**TASK DESCRIPTION**.
From the listing below, set down exactly the lines between the one holding "Üst görünüm bitkisi" and the one holding "Authentic Kiwi Farm Tour at Woodstone Farm 2", inclusive. No other line is wanted.

**GIVEN ENTRIES**.
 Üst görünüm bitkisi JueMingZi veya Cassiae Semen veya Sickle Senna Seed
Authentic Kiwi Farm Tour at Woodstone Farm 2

* * *

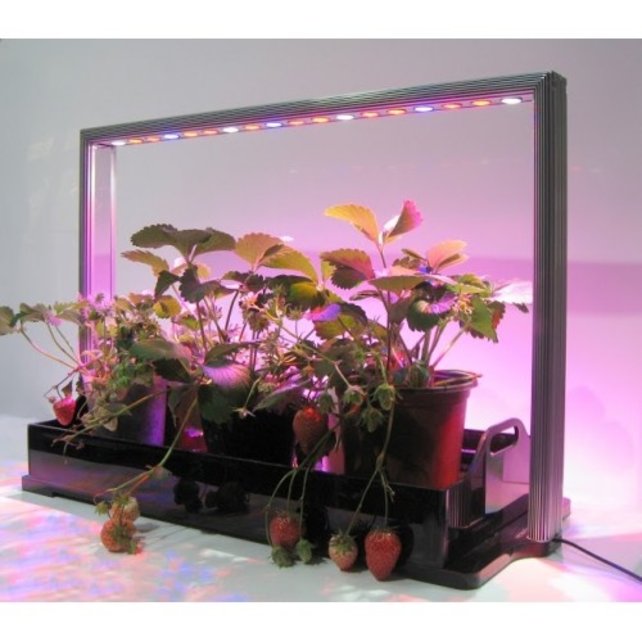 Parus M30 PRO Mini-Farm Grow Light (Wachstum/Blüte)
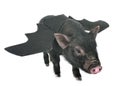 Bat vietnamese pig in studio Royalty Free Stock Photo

**RESPONSE TO THE EXERCISE**.
 Üst görünüm bitkisi JueMingZi veya Cassiae Semen veya Sickle Senna Seed
Authentic Kiwi Farm Tour at Woodstone Farm 2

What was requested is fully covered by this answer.